If you have sensitive teeth, you do not have to deal with pain and agony for the rest of your life. According to your dentist, there are some things that you can do to help ease tooth sensitivity. Whether you are enjoying an ice cream cone or digging into a delicious dish of homemade apple pie with whipped cream, tooth sensitivity doesn’t have to plague you for life.
The American Dental Association explains that people who suffer from tooth sensitivity can be treated. In fact, your problem could be solved with something as simple as a toothpaste specially formulated for sensitive teeth.
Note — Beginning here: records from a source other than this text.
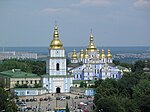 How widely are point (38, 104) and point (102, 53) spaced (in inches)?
782

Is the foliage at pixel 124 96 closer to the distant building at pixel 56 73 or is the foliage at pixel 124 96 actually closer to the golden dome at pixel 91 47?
the distant building at pixel 56 73

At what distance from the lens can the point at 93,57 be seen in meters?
64.6

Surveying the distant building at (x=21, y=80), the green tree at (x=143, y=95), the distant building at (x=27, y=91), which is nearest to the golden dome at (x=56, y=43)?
the distant building at (x=21, y=80)

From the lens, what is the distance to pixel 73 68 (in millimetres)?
63656

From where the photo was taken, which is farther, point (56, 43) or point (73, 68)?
point (73, 68)

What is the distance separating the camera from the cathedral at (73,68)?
5641 centimetres

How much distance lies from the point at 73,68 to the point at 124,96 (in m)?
21.0

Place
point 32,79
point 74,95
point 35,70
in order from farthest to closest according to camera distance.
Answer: point 35,70 → point 32,79 → point 74,95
Check out the list of ADA-approved toothpaste and other dental products to find out which one is best for you.
If you have tried toothpaste for sensitivity and nothing seems to work, schedule an appointment with your dentist who may recommend using a fluoride gel on the areas where you experience tooth sensitivity. Using a fluoride gel will also help strengthen the enamel on your teeth and reduce any areas that are sensitive.
Your dentist will tell you that brushing too hard can cause tooth sensitivity. If you use a hard-bristled toothbrush or brush your teeth with too much force, you could be wearing down the layers on your teeth. Your enamel protects the nerves in your teeth and if they become exposed will become sensitive to sticky, acidic, hot, or cold foods and beverages. Switch to a soft-bristled toothbrush and try not to brush so hard.
If you have worn down the enamel on your teeth avoid acidic foods. Ketchup, pickles, citrus fruit, and even spicy foods can cause pain.
Tooth grinding is another reason you could be dealing with sensitive teeth. Although your teeth are as strong as your bones, the constant grinding will eventually wear down the enamel exposing the dentin in your teeth. Once those hollow tubes leading to your nerves become exposed, you will experience tooth sensitivity. Ask your dentist about a custom made mouth guard that can help you stop grinding your teeth.
If you use tooth whitening toothpaste, strips, gels, or mouth rinses, talk to your dentist as some over the counter tooth bleaching products could be causing your tooth sensitivity. Schedule an appointment for a professional tooth whitening procedure that could help with your tooth sensitivity.
Gum disease not only causes tooth loss, but could also be to blame for your tooth sensitivity. If you have bleeding, red and swollen gums, chances are you have gingivitis or periodontal disease, both of which are reversible if caught in time.
Cracked teeth, leaking fillings and other dental procedures could be causing your tooth sensitivity. Schedule an appointment with your dentist who will be able to get to the root of your tooth sensitivity once and for all.